Source records
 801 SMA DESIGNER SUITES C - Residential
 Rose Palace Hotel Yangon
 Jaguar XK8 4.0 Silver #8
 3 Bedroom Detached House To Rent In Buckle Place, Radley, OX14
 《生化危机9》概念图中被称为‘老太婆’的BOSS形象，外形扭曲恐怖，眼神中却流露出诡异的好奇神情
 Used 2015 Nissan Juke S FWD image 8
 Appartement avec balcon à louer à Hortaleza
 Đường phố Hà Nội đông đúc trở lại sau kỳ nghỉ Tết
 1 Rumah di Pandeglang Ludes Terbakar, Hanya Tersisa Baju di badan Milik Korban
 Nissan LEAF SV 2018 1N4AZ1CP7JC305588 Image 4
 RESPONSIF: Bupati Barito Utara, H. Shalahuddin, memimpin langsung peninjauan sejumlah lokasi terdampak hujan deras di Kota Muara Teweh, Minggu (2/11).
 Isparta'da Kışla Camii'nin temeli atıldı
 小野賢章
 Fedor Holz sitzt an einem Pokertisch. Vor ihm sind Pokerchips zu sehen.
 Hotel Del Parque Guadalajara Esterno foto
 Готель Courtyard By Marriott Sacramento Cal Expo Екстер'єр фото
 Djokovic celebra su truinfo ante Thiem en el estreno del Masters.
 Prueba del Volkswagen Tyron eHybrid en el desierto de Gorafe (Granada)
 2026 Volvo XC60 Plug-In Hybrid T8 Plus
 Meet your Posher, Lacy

> **Brief**:
Copy out each line in the preceding records that contains "Hotel".

> **Reply to the exercise**:
 Rose Palace Hotel Yangon
 Hotel Del Parque Guadalajara Esterno foto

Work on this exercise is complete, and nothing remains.